§ **Data provided**:
:::

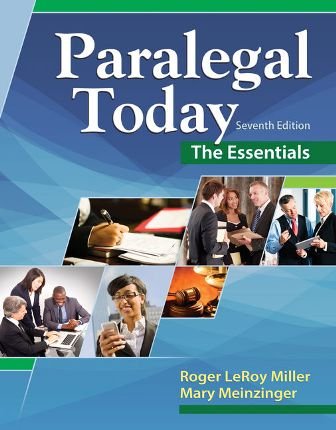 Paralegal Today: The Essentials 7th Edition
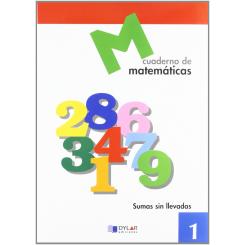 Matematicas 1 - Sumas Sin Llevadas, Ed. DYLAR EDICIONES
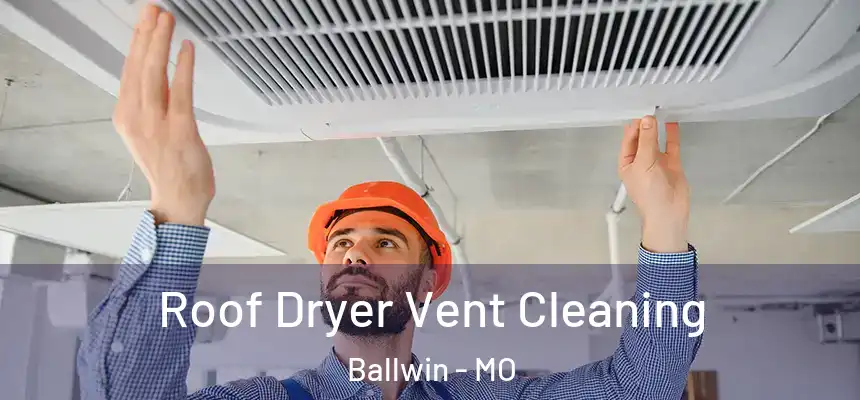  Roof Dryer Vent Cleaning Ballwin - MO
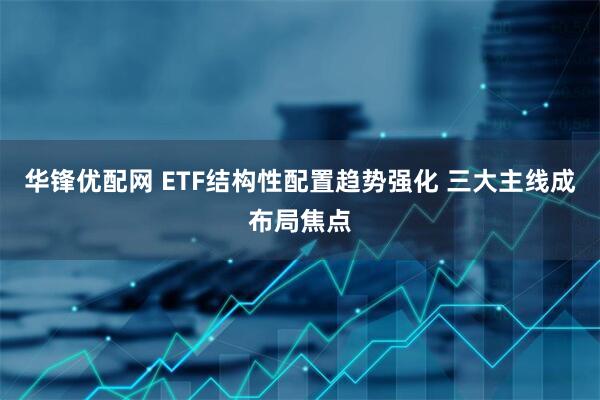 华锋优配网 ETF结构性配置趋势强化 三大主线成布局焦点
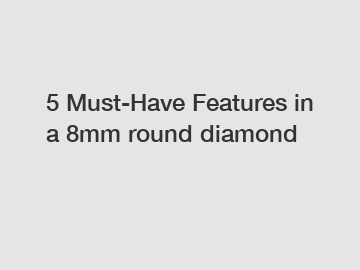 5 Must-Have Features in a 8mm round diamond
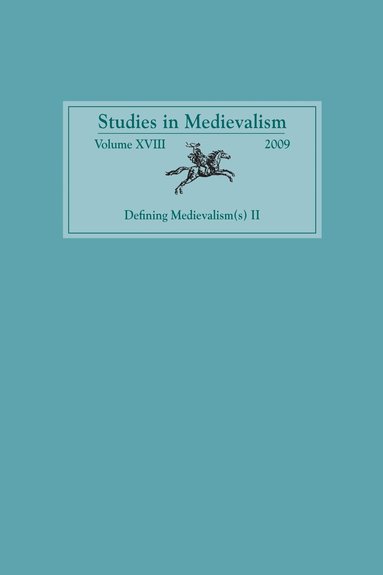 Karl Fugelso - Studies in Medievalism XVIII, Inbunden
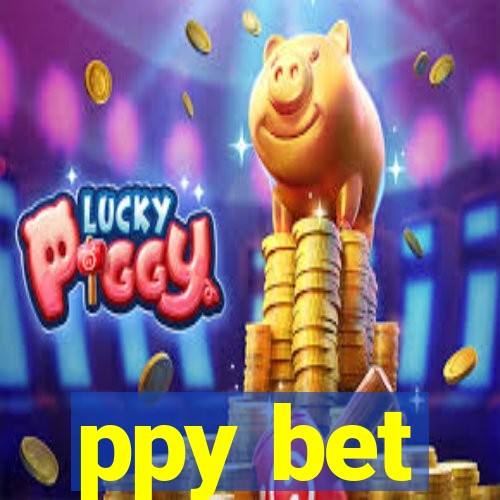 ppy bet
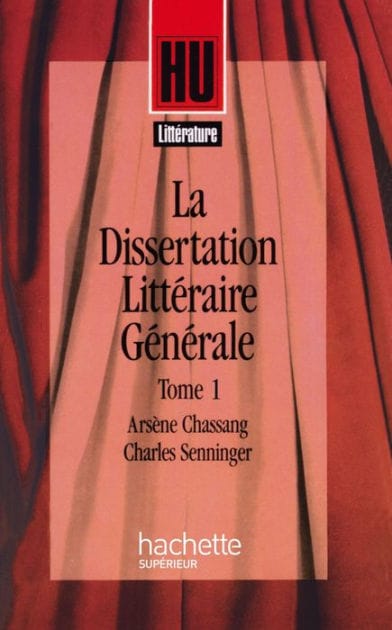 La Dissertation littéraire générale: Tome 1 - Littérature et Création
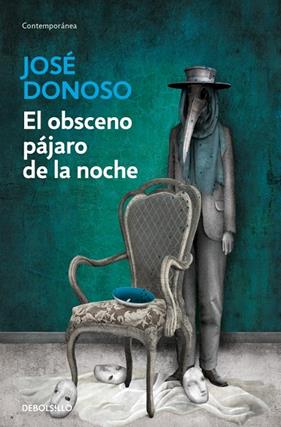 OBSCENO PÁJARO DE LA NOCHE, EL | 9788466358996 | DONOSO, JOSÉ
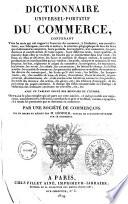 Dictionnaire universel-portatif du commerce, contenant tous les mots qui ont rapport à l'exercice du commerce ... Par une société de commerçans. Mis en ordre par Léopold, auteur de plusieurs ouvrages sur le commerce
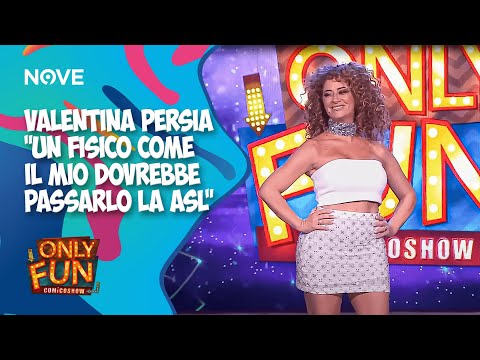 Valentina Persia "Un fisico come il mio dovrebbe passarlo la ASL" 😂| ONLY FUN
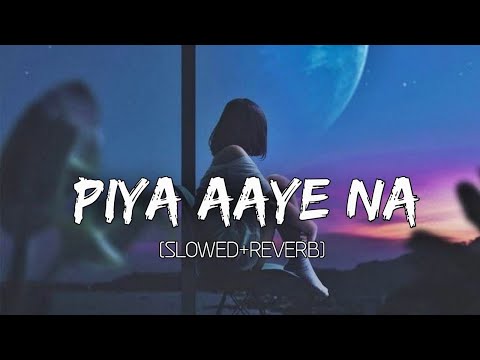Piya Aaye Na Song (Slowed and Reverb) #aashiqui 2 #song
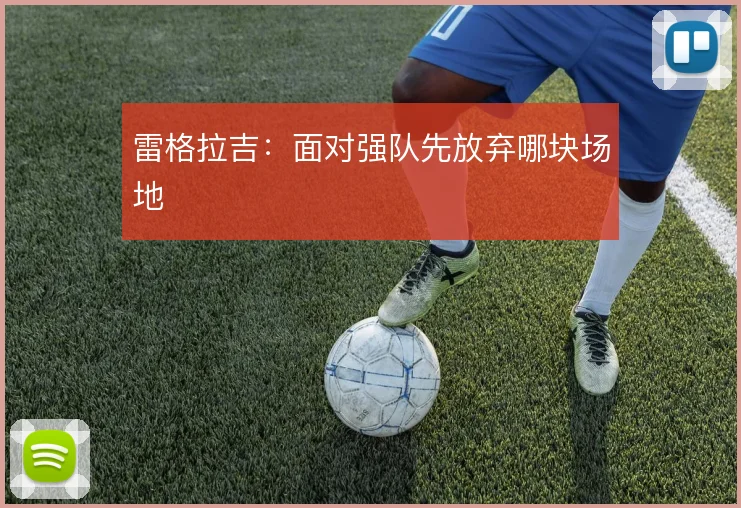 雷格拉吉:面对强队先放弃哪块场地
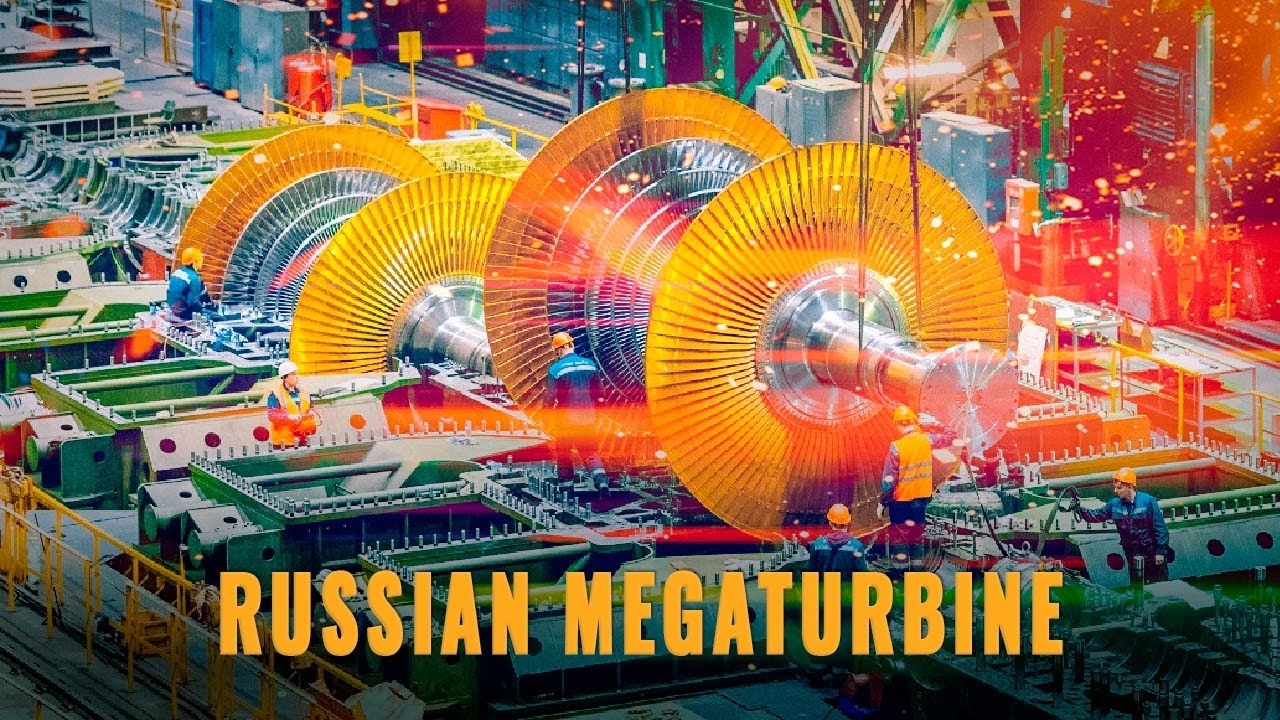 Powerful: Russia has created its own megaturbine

:::

Output exactly those lines of the data above that run from the line with "Karl Fugelso - Studies" up to and including the line with "OBSCENO PÁJARO DE". No pictures go in.

§ **Result of the exercise**:
 Karl Fugelso - Studies in Medievalism XVIII, Inbunden
 ppy bet
 La Dissertation littéraire générale: Tome 1 - Littérature et Création
 OBSCENO PÁJARO DE LA NOCHE, EL | 9788466358996 | DONOSO, JOSÉ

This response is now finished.